* _Task to carry out_
Scan the records below for the line with "CITEN/＜CITEN＞ユーティリティーハーフスリーブシャツ/シャツ / ブラウス" and the line with "kaina 25 eurai", and retype that range exactly, both ends included, pictures excepted.

Collection entries
--- START ---

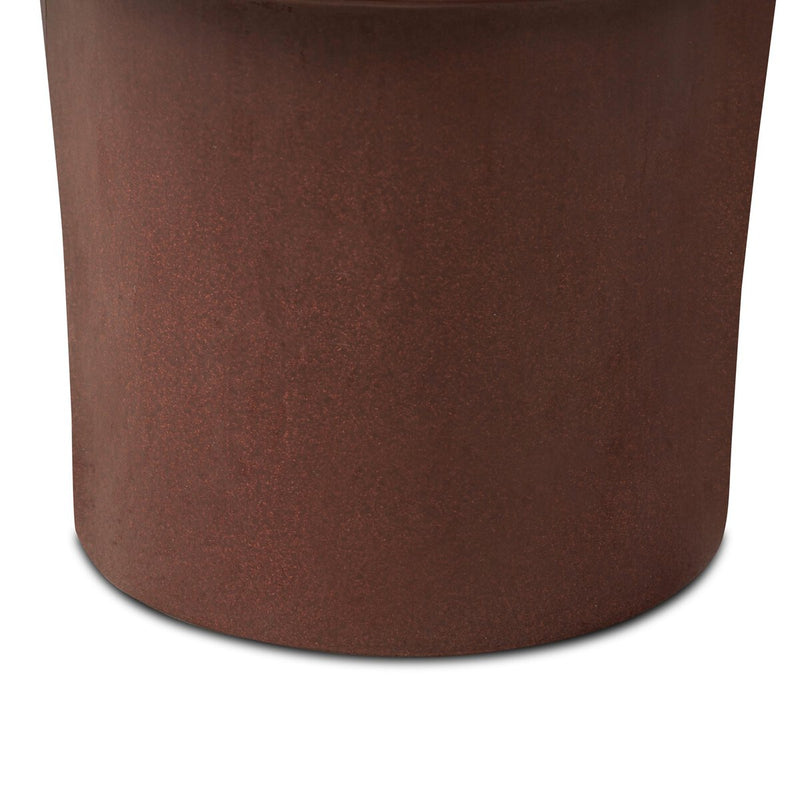 Pinko End Table - Smooth Red Concrete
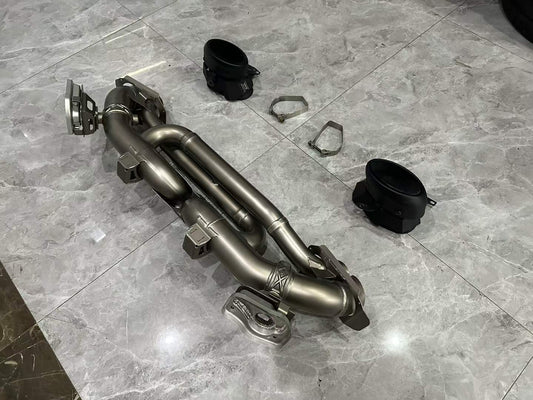 Porsche 911 Turbo S (992) Akrapovič Slip-On Line Titanium Exhaust - Pre-owned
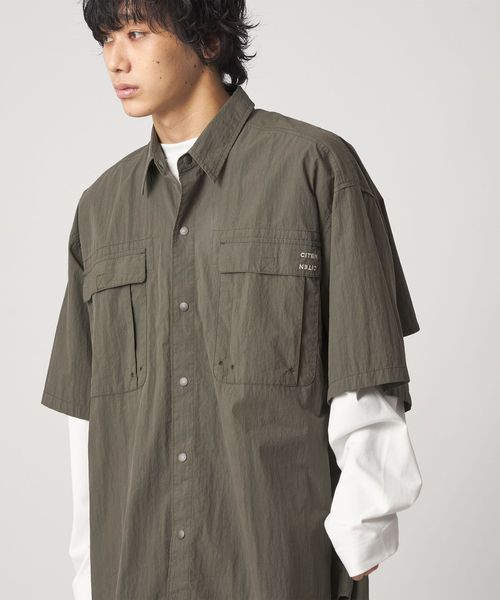 CITEN/＜CITEN＞ユーティリティーハーフスリーブシャツ/シャツ / ブラウス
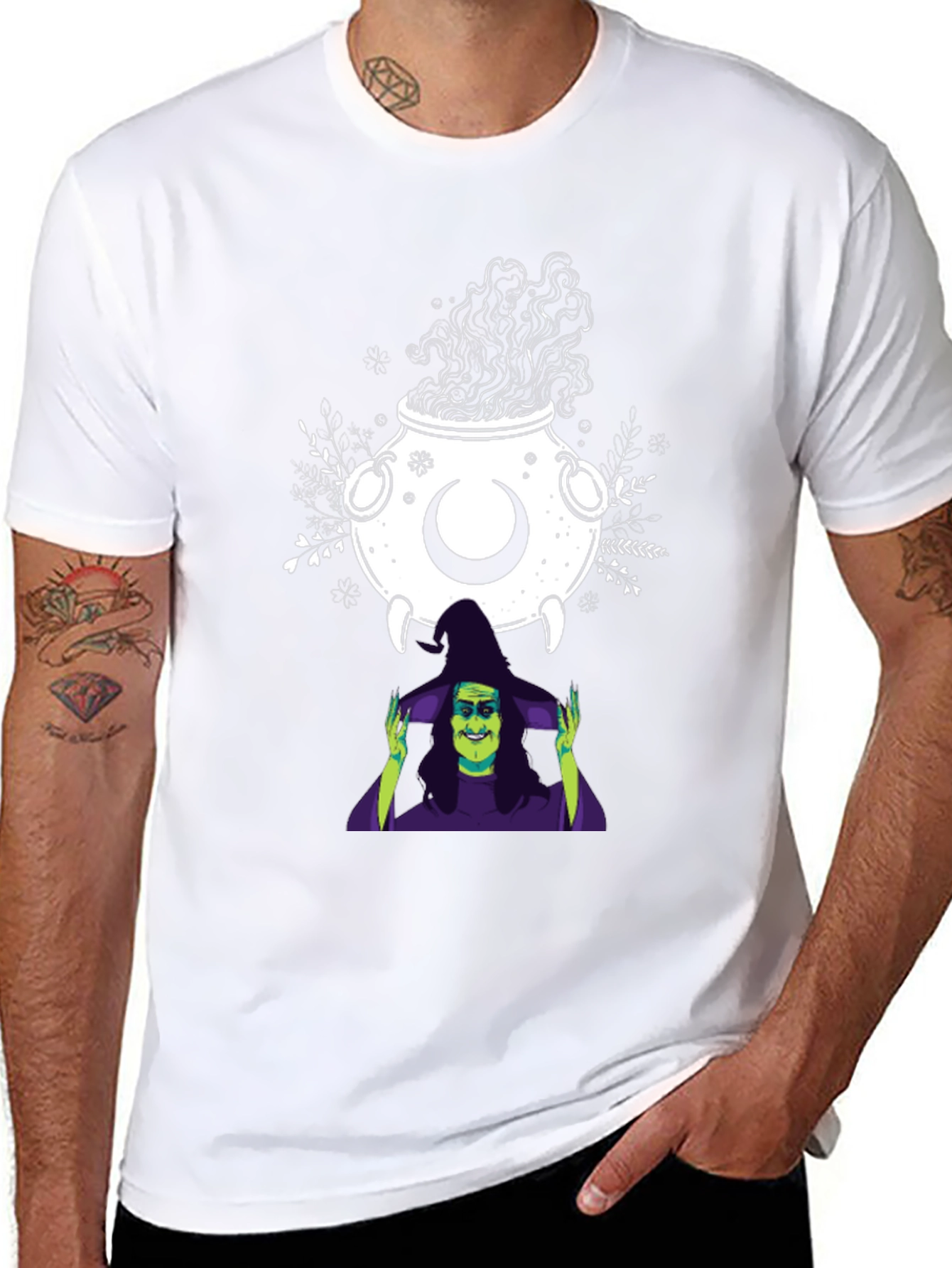 Witch Cauldron Graphic Tee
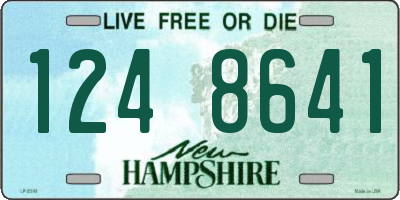 NH license plate 1248641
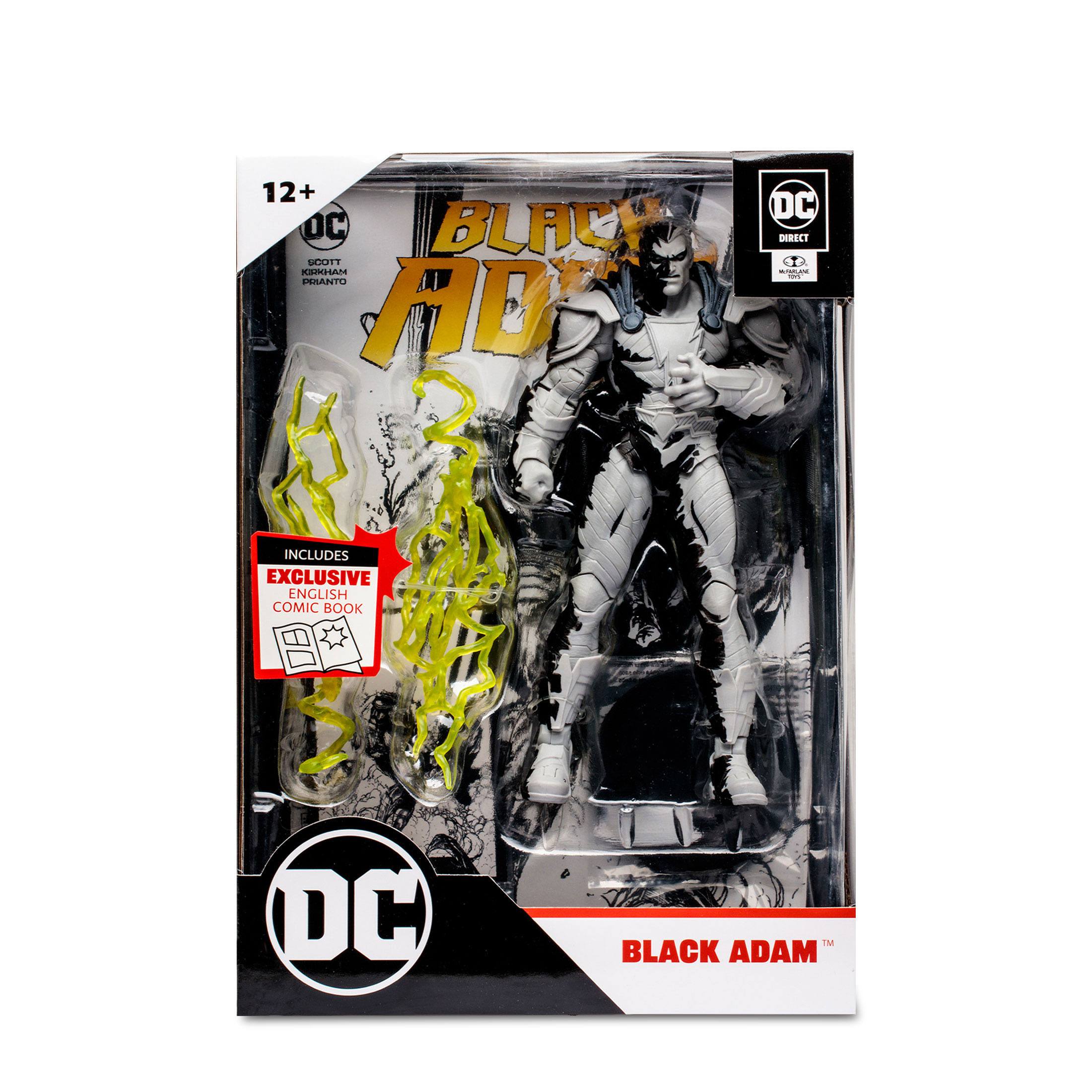 DC Page Punchers: Black Adam (Line Art Variant) - Actionfigur & Comic - 7 inch-Actionfiguren-McFarlane Toys-Mighty Underground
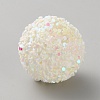 Opaque Acrylic Glitter Beads FIND-CJC0010-111A-17-1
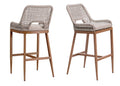 Outdoor Counter Height Bar Stool Chair Set of 2 Modern Bar Stool Chairs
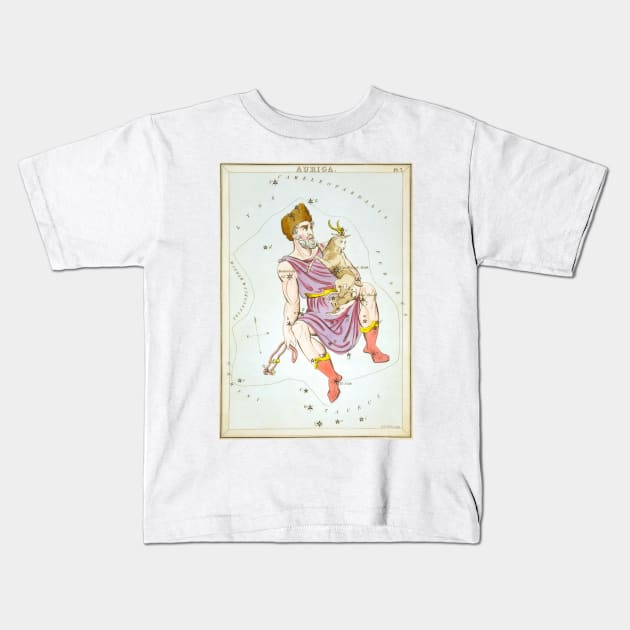  Constellation of the carter (Auriga) Kids T-Shirt by MiRaFoto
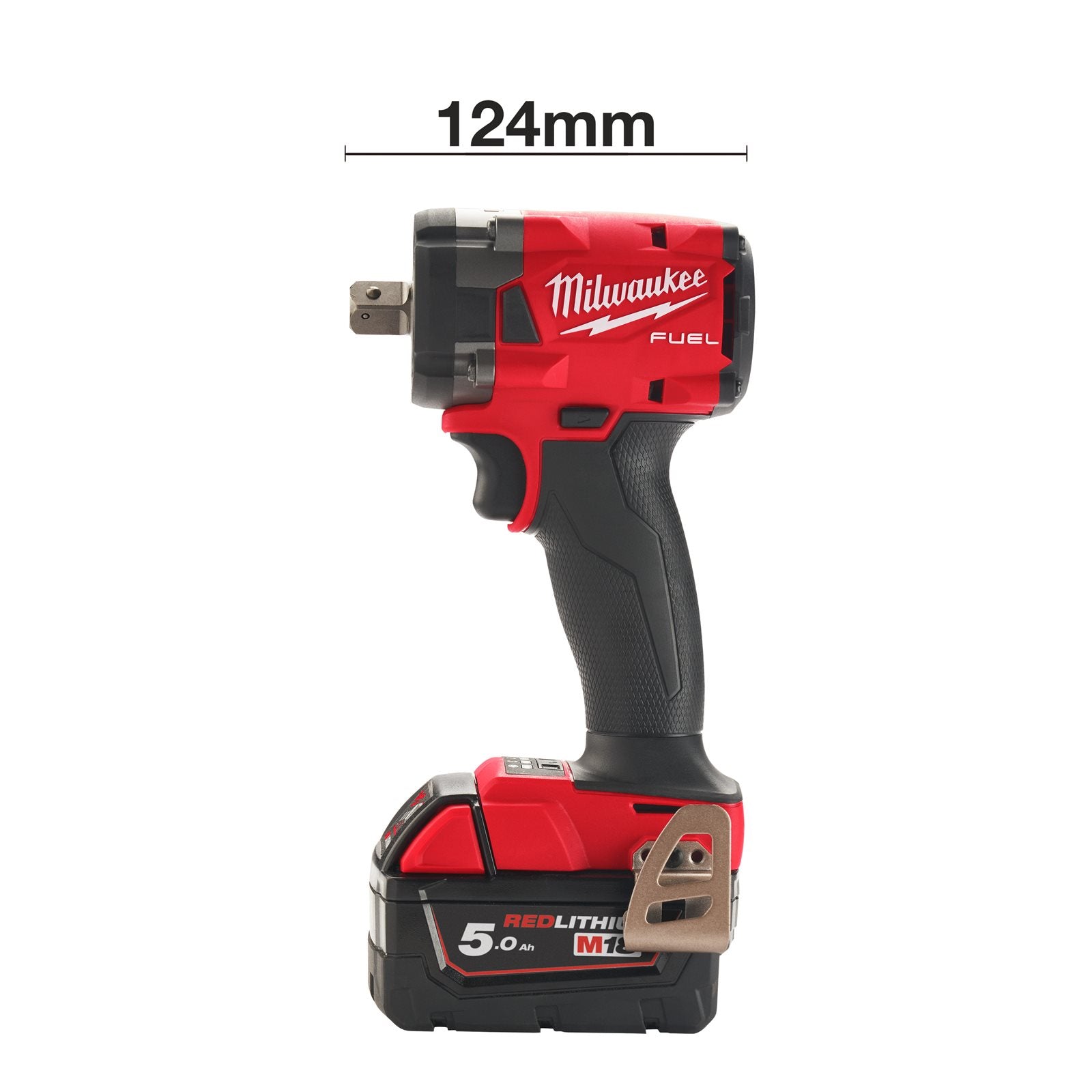 Milwaukee Akku-Schlagschrauber M18 FIW2P12-0X (Drehmoment: 339 Nm, 1/2"-Vierkant mit PIN, ohne Akku in HD Box)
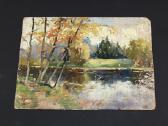 (1931-2013)", (масло, Картон), kaina 25 eurai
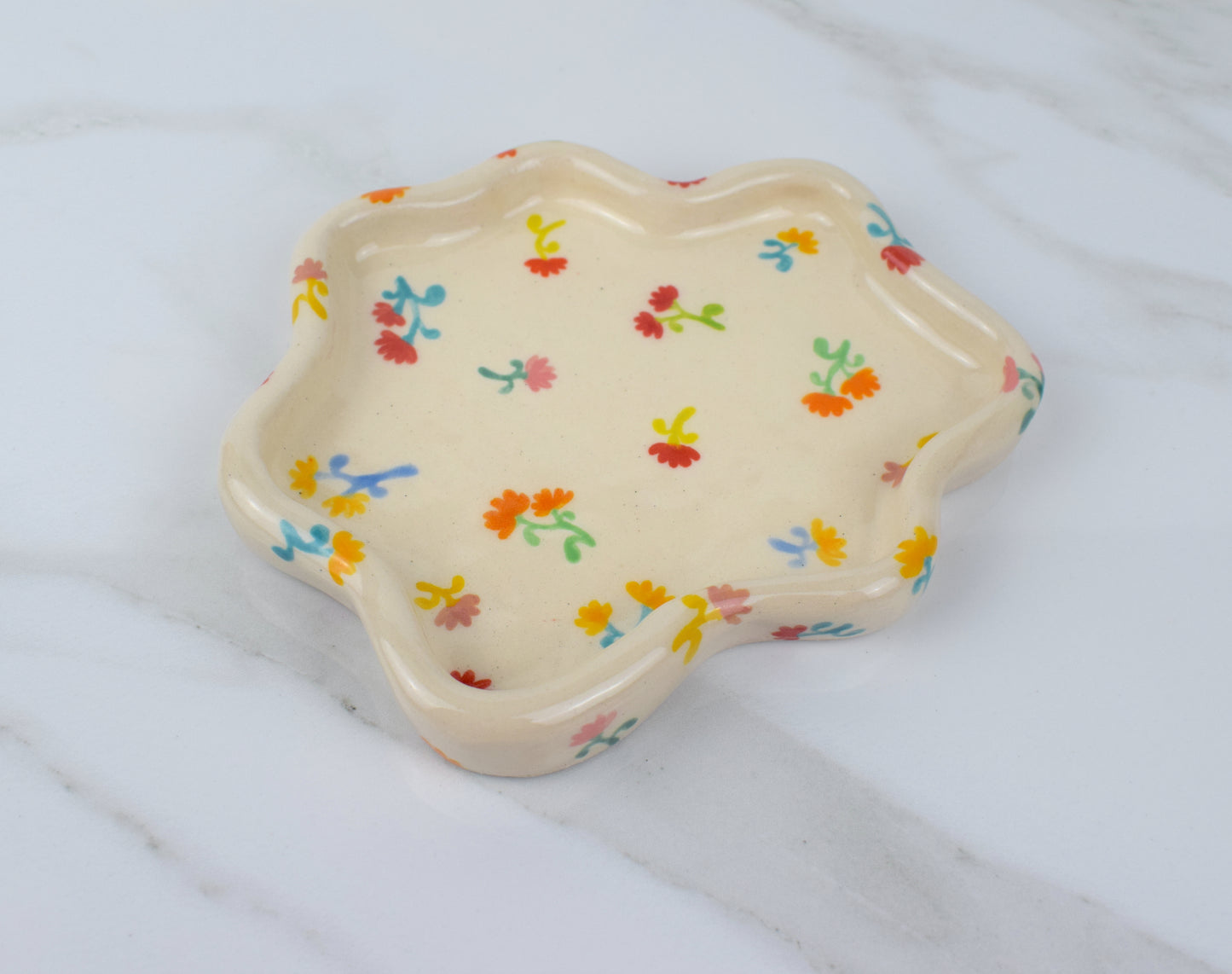 Floral Blob Trinket Dish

--- END ---

* _Written answer_
 CITEN/＜CITEN＞ユーティリティーハーフスリーブシャツ/シャツ / ブラウス
 Witch Cauldron Graphic Tee
 NH license plate 1248641
 DC Page Punchers: Black Adam (Line Art Variant) - Actionfigur & Comic - 7 inch-Actionfiguren-McFarlane Toys-Mighty Underground
 Opaque Acrylic Glitter Beads FIND-CJC0010-111A-17-1
 Outdoor Counter Height Bar Stool Chair Set of 2 Modern Bar Stool Chairs
  Constellation of the carter (Auriga) Kids T-Shirt by MiRaFoto
 Milwaukee Akku-Schlagschrauber M18 FIW2P12-0X (Drehmoment: 339 Nm, 1/2"-Vierkant mit PIN, ohne Akku in HD Box)
 (1931-2013)", (масло, Картон), kaina 25 eurai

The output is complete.